Kiedy schodziłam z góry, coś mnie tknęło i usłyszałam wewnętrzny głos: "w najdrobniejszych i skrywanych w cieniu rzeczach kryje się piękno".
Kiedyś poznałam pewną dziewczynę, która będąc młodsza nie zastanawiała się nad wiarą. Bezmyślnie powtarzała z innymi ,,Wierze w Boga Ojca…, Syna ‘’. Pewnego razu jednak, do jej głowy dotarło pytanie ,,czy ja wierzę bo naprawdę wierzę, czy wierzę bo tak zostałam nauczona’’. Owa dziewczyna, usłyszała to pytanie w swojej głowie podczas słuchania muzyki, uwielbiała słuchać muzyki, jak twierdzi, muzyka jest jednym z najlepszych sposobów przekazywania uczuć. W swoim życiu popełniała dużo błędów, za niektóre płaci do dziś. Owe błędy, zawisały nad nią niczym ciemne chmury tworzące zbroje, które nie dopuszczały słońca. Jednak od momentu, gdy usłyszała w sercu pytanie ,,czy wierzy’’, coś w niej pękło. Zaczęła zastanawiać się nad swoją wiarą i nad tym kim naprawdę jest.

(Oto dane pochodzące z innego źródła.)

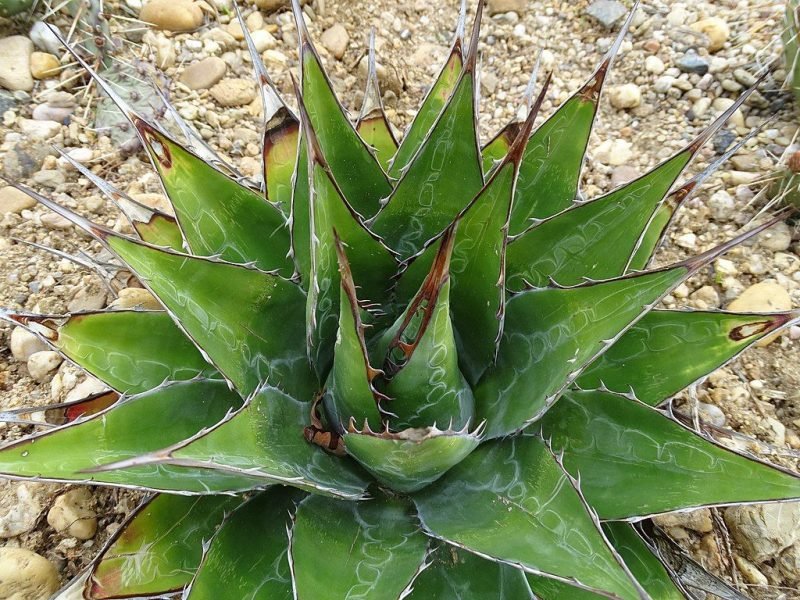 Mountain agave (Agave montana)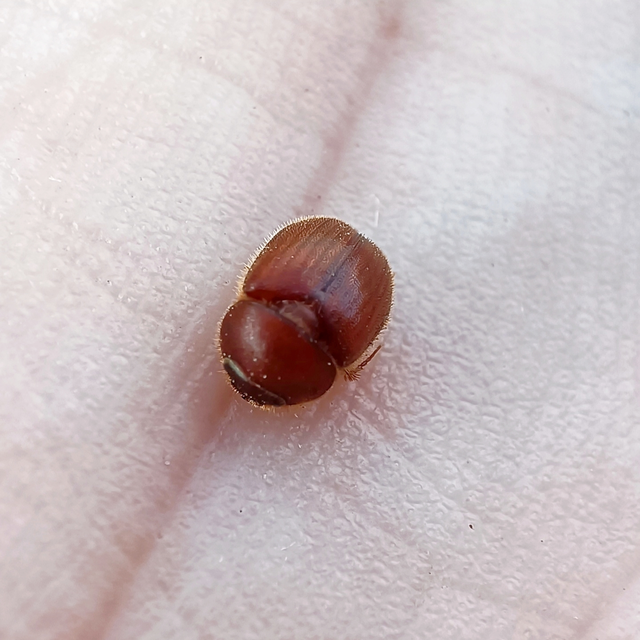 Ochodaeus chrysomeloides - alkonyati homoktúróbogár Ochodaeus chrysomeloides - alkonyati homoktúróbogár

Z całej siły, chciała wydostać się z tej ponurej i ciemnej klatki. Parę słów i piękna melodia której słuchała, pozwoliły jej ponownie ujrzeć życie w jasnych barwach i pogodzić się z tym że choć przeszłość może boleć to od nas zależy czy przyszłość będzie lepsza. Gdy powoli podnosiła się z popiołów, zaczęła czuć się jak by wracała do życia, bo czasem to co przetrwa jest leprze i silniejsze od tego co było. Zaczęła zauważała najdrobniejsze szczegóły, doceniała je, a w jej życie przedostawały się promienie słoneczne. Zaczęła cieszyć się życiem.. W muzyce odkrywała radość i wyczuwać Bożą miłość. Czasem trzeba zejść w cień by zrozumieć co jest ważne.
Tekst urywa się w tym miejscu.